Da una parte, quindi, il viaggio tra le opere dei giovani artisti finalisti del premio Gaem di Ravenna, collocate a Villa Paris di Roseto degli Abruzzi, e dall’altra l’itinerario della città di Teramo, con i cinque siti selezionati dalla locale delegazione Fai (Domus Madonna delle Grazie, Domus Piazza S. Anna, Domus Palazzo Melatino, Domus dei Delfini, Domus di Bacco).

 

«Con estremo interesse abbiamo accolto l’idea progettuale della Fondazione Cingoli che, nello spirito della valorizzazione dei giovani artisti, ha ipotizzato contestualmente la rivalutazione culturale e storica, della Teramo musiva, su cui da anni stiamo lavorando con una serie di progetti, anche di prossima attuazione» commenta Tiziana Di Sante, presidente della Fondazione Tercas.
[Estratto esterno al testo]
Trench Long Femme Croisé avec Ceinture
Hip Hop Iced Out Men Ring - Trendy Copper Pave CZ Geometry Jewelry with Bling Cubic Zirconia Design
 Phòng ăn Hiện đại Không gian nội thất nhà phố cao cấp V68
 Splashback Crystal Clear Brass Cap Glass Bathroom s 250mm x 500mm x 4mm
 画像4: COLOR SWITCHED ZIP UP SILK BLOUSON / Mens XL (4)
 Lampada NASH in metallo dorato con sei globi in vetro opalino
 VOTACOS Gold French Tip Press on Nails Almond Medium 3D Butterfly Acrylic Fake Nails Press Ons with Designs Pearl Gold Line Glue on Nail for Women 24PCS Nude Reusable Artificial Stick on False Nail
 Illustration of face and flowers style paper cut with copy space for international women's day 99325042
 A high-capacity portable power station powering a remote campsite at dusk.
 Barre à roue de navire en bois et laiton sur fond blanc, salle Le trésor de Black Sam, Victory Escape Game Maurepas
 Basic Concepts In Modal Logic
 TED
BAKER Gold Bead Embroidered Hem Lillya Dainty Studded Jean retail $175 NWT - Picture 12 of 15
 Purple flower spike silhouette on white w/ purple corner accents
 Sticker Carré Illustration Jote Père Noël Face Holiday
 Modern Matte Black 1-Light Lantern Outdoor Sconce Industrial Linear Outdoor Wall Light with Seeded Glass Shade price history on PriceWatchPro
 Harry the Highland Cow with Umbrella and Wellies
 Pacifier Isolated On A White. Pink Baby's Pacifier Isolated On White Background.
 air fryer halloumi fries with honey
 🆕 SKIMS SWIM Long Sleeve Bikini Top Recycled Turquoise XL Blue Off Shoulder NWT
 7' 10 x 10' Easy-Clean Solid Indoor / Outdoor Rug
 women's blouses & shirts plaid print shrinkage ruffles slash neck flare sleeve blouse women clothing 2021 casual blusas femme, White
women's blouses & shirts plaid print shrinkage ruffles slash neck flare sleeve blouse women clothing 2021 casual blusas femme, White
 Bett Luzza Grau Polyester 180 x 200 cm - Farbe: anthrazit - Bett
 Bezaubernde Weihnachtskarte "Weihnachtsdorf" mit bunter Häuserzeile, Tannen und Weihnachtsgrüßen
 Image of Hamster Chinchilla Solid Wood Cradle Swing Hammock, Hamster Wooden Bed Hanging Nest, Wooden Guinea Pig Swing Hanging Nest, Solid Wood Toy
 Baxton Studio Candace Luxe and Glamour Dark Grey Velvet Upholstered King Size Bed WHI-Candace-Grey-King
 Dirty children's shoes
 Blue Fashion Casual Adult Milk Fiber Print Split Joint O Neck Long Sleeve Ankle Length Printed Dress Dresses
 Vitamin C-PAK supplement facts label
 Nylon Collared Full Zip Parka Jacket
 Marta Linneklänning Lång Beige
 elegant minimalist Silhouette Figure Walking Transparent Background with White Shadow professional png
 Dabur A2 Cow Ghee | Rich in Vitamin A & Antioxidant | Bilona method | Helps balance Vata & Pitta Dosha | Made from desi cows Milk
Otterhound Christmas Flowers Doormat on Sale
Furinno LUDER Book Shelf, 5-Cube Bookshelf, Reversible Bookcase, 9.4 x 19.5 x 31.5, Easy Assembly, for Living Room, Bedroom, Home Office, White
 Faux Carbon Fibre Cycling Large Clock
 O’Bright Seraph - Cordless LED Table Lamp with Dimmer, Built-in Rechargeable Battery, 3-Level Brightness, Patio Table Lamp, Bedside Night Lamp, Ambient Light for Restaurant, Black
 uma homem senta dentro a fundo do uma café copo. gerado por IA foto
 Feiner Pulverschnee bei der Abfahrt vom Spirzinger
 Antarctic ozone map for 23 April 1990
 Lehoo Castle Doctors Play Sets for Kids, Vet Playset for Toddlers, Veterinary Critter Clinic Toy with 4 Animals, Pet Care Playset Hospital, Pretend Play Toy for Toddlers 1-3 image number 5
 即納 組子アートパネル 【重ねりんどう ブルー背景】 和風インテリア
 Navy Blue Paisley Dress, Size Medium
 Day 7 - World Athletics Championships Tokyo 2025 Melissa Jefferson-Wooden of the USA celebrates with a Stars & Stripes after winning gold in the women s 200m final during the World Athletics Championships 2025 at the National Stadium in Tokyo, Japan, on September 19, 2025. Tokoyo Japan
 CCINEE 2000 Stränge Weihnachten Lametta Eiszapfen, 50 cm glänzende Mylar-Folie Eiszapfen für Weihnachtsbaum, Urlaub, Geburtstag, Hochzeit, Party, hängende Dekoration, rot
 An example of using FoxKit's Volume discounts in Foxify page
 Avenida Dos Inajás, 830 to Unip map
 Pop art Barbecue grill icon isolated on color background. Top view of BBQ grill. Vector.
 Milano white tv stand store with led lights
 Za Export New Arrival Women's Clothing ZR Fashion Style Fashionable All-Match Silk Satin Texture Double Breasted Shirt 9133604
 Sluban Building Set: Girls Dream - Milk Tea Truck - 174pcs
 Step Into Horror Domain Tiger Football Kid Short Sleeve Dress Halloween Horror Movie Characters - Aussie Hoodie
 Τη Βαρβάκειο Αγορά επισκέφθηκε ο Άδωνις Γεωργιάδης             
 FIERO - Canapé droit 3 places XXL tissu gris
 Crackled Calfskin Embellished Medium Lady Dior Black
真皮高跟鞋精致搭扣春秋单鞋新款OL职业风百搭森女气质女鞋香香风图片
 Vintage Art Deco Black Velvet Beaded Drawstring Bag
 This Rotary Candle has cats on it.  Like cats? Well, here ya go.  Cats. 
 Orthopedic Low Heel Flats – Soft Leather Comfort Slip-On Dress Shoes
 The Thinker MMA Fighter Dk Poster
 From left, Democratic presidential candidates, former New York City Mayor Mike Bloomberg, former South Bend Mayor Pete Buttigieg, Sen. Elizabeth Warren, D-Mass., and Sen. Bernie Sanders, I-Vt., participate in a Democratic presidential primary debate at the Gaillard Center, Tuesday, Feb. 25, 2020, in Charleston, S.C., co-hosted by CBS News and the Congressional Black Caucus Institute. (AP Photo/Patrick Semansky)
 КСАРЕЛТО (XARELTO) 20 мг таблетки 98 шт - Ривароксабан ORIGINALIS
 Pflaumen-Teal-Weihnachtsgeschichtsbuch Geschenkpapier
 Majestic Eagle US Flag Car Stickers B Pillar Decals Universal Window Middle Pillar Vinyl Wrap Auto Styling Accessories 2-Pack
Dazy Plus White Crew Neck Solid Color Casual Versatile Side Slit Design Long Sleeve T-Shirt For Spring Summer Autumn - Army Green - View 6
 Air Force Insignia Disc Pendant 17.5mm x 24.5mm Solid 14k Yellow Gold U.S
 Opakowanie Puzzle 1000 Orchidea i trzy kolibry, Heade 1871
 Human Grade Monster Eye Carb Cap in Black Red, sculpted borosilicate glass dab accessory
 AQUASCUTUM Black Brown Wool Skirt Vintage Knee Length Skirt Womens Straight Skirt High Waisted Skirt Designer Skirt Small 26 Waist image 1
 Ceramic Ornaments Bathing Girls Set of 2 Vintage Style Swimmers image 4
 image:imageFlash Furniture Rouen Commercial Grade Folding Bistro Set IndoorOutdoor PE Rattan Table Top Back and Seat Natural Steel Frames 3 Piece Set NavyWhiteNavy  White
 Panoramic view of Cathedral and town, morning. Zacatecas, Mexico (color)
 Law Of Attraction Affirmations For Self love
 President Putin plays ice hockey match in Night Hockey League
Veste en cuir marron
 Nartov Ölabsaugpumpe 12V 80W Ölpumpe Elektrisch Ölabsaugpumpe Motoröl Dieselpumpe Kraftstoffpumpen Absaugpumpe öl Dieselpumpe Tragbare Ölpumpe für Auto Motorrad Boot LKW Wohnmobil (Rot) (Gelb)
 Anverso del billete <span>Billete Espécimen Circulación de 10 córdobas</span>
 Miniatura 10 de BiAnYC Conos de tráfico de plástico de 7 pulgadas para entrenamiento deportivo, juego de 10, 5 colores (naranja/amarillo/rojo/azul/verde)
Compendio ai virtual tour, realizzati dalla Redorange, società specializzata nell’ambito dell’utilizzo della realtà virtuale aumentata e immersiva, quattro video-interviste, con gli interventi di Andrea Cingoli, direttore artistico di Art in Act, Tiziana Di Sante, presidente della Fondazione Tercas, Monica Calvarese,  Delegazione Fai di Teramo, e Maurizio Tarantino, direttore del Museo di Ravenna. La nota critica, sulle opere del Gaem, è affidata alla curatrice Linda Kniffitz.

 

La navigazione dei virtual tour consente, oltre alla mappatura dei luoghi e dei relativi itinerari, il reperimento d’informazioni sugli autori delle opere, con immagini in alta definizione e filmati, il tutto fruibile semplicemente con smartphone, tablet e pc, che se applicati ai visori 3D permettono l’esperienza in modalità immersiva.

 

Tra le opere dei 19 finalisti del premio, istituito dal Museo d’arte di Ravenna, una menzione speciale va riservata ai quattro artisti premiati: Atsuo Suzumura (premio Orsoni), Roberta Grasso (premio Nicola Cingoli), Peng Shuai (premio Cna), mentre il premio biennale del mosaico è stato assegnato a Marco De Santi.